Neue Physik? Physikern am Teilchenbeschleuniger LHC haben erstmals eine theoretisch vorhergesagte, aber zuvor noch nicht beobachtete Zerfallsform des Higgs-Bosons beobachtet. Bei dieser interagiert das Higgs zunächst mit einer Reihe virtueller Teilchen, bevor es in ein Z-Boson und ein Photon zerfällt. Das Spannende daran: Die Rate dieser Zerfallsform liefert mögliche Hinweise auf „neue Physik“ – noch unbekannte Teilchen oder Wechselwirkungen jenseits des Standardmodels.
Die Entdeckung des Higgs-Bosons im Jahr 2012 hat nicht nur Kernvoraussagen zum physikalischen Standardmodell bestätigt. Sie eröffnet auch die Chance, möglicherweise weitere Lücken zu schließen – und sogar noch unbekannte Teilchen und Kräfte zu entdecken: Weil das Higgs-Boson weder Ladung noch Spin besitzt und mit nahezu allen anderen Teilchen interagiert, könnte sein Verhalten Hinweise auf eine solche „neue Physik“ liefern und auch auf die noch immer gesuchten Teilchen der Dunklen Materie.
„Umweg“ über virtuelle Teilchen
Ein mögliches Indiz für „neue Physik“ könnte sich in einem schon länger vorhergesagten, seltenen Zerfallstyp des Higgs-Bosons verbergen.
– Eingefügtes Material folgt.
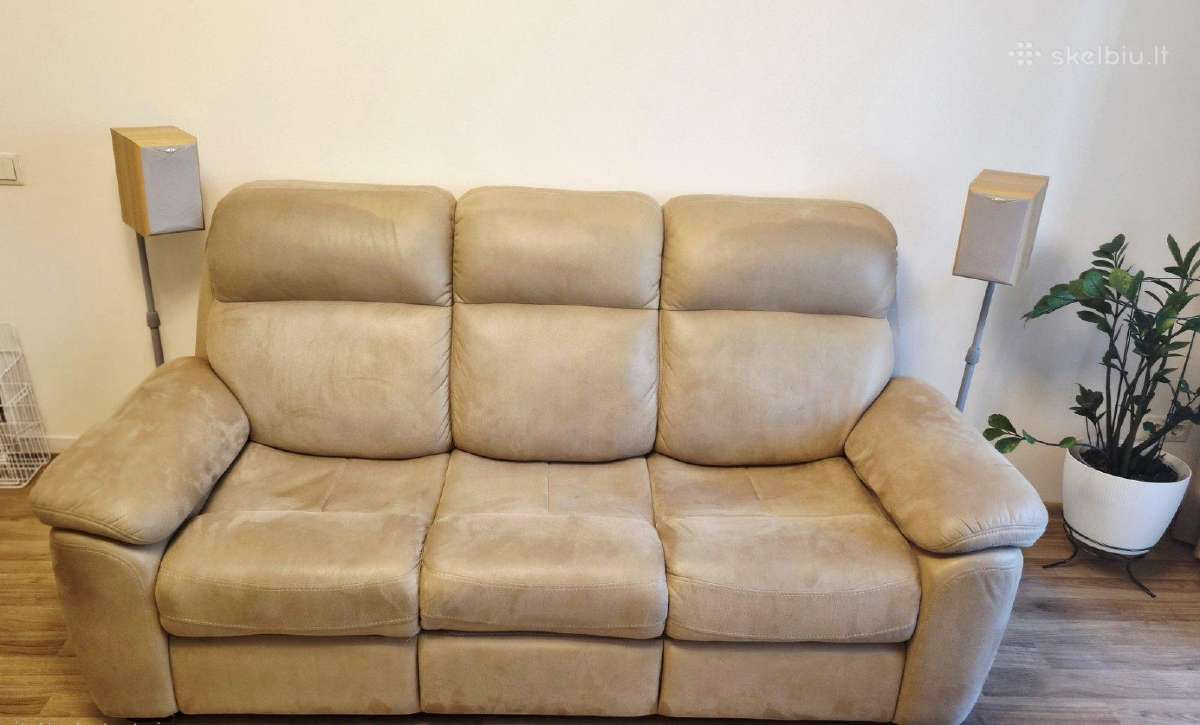Parduodama naudota sofa ir foteliai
Bei diesem zerfällt das Masseteilchen in ein Z-Boson – eines der Trägerteilchen der schwachen Kernkraft – und in ein Photon. Dieser als H → Zγ abgekürzte Zerfall geschieht jedoch nicht direkt. Stattdessen durchläuft das Higgs zuvor eine Art Schleife, in der verschiedene virtuelle Partikel entstehen. Diese Teilchen tauchen scheinbar aus dem Nichts auf und verschwinden ebenso schnell wieder, weshalb sie nicht direkt nachweisbar sind.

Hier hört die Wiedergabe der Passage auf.